Please transcribe exactly, and only, the lines of the data below between the line holding "Open Knit Cardigan - Dusty Aqua" and the line holding "Sparkling Diamond Hoop", inclusive.
BEGIN DATA SUPPLIED
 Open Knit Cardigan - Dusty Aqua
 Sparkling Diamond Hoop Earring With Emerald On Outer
END DATA SUPPLIED
BEGIN DATA SUPPLIED
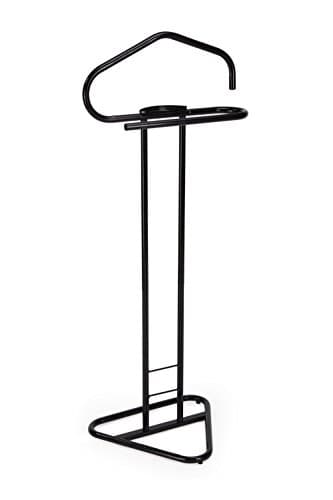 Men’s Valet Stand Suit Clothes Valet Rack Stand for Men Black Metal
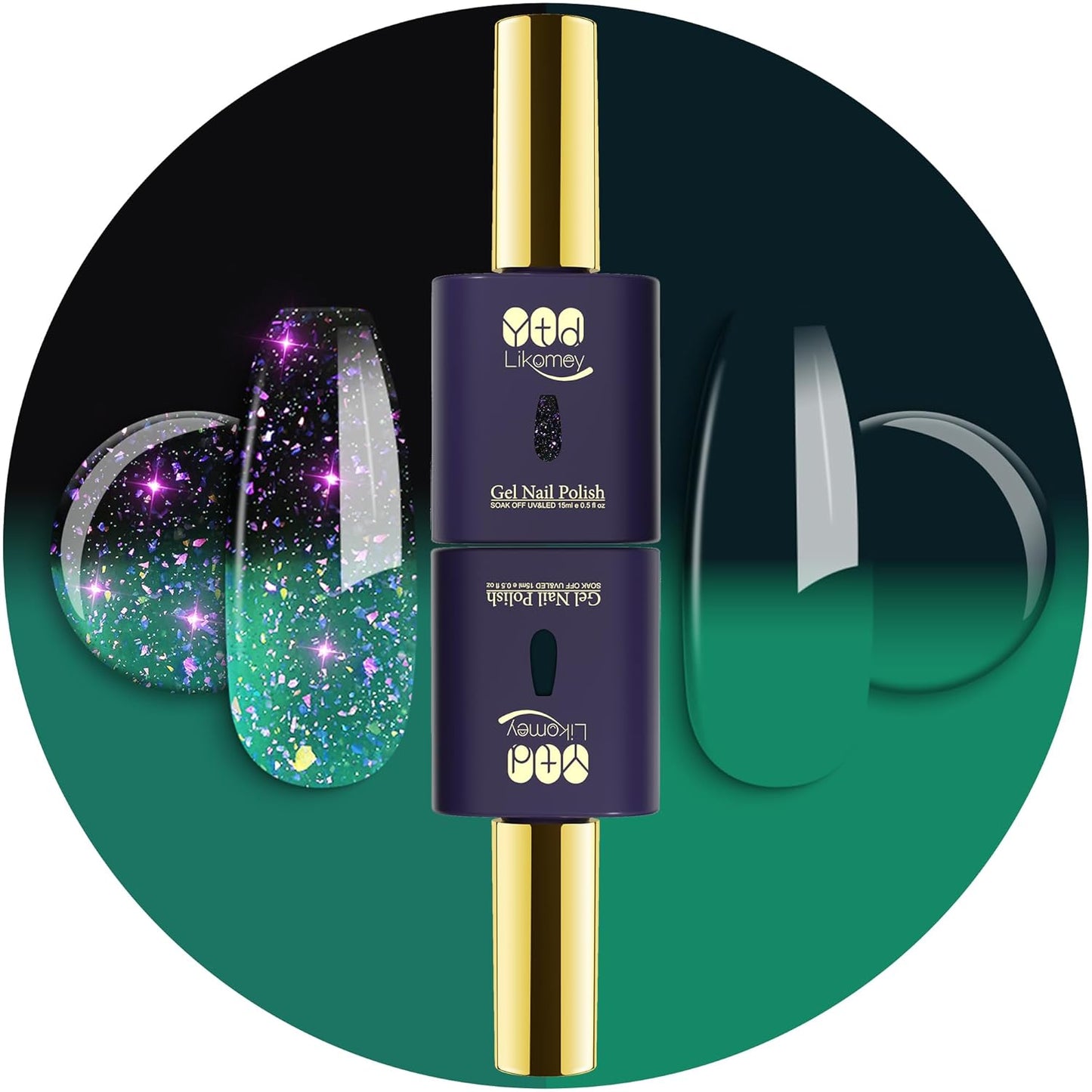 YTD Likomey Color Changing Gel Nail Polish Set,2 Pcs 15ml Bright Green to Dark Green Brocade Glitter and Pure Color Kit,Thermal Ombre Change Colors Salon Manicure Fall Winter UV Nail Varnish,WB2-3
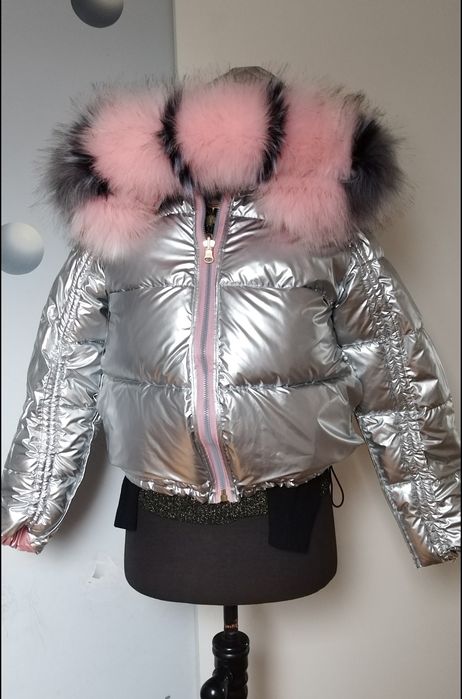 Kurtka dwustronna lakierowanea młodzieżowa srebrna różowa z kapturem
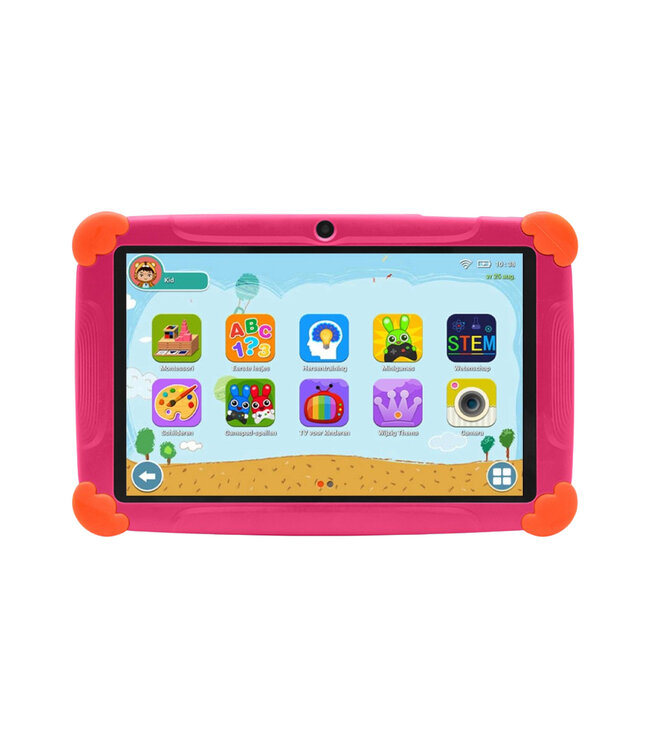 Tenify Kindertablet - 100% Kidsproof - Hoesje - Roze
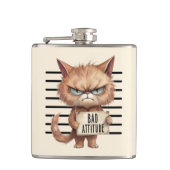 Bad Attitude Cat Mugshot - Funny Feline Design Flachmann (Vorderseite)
END DATA SUPPLIED
BEGIN DATA SUPPLIED
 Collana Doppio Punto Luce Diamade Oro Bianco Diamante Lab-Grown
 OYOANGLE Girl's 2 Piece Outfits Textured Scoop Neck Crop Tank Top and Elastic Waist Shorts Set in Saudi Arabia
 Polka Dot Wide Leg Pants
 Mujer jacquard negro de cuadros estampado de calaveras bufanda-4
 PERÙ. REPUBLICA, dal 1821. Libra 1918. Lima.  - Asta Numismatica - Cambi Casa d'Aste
END DATA SUPPLIED
◆ ANSWER TO THE PROBLEM ◆
 Open Knit Cardigan - Dusty Aqua
 Sparkling Diamond Hoop Earring With Emerald On Outer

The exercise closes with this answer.